+++ Provided records +++

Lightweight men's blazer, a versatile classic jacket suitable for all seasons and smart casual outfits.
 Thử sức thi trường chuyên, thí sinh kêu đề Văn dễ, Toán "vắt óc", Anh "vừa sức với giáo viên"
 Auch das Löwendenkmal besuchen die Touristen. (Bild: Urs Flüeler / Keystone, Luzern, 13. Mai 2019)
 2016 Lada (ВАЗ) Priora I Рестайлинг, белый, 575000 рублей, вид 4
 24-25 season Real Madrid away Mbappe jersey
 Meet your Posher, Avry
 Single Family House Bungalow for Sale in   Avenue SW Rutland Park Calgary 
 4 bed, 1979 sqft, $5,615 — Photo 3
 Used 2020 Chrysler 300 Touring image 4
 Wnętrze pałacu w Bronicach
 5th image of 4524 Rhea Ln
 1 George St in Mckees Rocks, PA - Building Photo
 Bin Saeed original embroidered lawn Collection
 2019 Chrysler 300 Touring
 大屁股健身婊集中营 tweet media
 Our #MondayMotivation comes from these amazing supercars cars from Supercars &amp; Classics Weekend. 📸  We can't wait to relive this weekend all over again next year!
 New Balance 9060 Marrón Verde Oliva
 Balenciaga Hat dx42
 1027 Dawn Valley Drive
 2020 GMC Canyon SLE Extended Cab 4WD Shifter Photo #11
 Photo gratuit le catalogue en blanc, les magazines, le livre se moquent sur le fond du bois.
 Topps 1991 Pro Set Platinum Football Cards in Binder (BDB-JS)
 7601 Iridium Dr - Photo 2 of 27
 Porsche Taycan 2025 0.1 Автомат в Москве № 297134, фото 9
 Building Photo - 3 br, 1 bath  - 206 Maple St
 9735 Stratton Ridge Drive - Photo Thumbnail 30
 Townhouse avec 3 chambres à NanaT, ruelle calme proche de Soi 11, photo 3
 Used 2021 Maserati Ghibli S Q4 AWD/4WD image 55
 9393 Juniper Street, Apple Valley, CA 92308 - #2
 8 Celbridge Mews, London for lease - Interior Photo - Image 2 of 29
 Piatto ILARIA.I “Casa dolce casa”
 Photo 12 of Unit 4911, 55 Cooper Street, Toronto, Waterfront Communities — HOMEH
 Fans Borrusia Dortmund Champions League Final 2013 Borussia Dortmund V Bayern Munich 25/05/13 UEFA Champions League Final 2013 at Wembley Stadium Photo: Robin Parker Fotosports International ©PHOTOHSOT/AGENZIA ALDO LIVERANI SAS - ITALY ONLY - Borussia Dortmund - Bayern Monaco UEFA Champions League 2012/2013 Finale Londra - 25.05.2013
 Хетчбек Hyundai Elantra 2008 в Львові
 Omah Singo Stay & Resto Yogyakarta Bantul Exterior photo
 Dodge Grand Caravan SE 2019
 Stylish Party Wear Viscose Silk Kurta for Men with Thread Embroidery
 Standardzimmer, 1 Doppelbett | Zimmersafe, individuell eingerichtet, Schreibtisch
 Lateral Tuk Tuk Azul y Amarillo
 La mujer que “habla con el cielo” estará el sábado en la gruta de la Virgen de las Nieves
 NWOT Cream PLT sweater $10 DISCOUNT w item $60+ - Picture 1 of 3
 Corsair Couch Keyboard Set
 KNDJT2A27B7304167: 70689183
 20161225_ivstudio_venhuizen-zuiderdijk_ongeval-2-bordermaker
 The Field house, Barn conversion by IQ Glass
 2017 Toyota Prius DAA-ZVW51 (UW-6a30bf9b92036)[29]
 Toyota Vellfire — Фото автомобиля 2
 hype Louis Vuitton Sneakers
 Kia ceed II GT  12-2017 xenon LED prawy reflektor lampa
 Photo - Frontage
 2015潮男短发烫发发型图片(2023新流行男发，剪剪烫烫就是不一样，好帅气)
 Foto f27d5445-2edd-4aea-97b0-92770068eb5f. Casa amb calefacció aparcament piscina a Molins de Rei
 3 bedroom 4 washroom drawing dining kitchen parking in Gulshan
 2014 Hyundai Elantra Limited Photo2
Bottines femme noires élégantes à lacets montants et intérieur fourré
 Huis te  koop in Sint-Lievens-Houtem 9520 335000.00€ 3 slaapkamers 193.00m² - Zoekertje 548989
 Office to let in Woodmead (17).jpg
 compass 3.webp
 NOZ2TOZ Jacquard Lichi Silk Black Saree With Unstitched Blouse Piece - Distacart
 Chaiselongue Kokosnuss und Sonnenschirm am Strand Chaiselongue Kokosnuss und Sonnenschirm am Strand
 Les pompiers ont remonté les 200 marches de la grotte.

+++

▶ Problem statement:
The range runs from the line above containing "大屁股健身婊集中营 tweet media" to the line containing "2020 GMC Canyon", inclusive. Restate those lines word for word and no others.

▶ Response:
 大屁股健身婊集中营 tweet media
 Our #MondayMotivation comes from these amazing supercars cars from Supercars &amp; Classics Weekend. 📸  We can't wait to relive this weekend all over again next year!
 New Balance 9060 Marrón Verde Oliva
 Balenciaga Hat dx42
 1027 Dawn Valley Drive
 2020 GMC Canyon SLE Extended Cab 4WD Shifter Photo #11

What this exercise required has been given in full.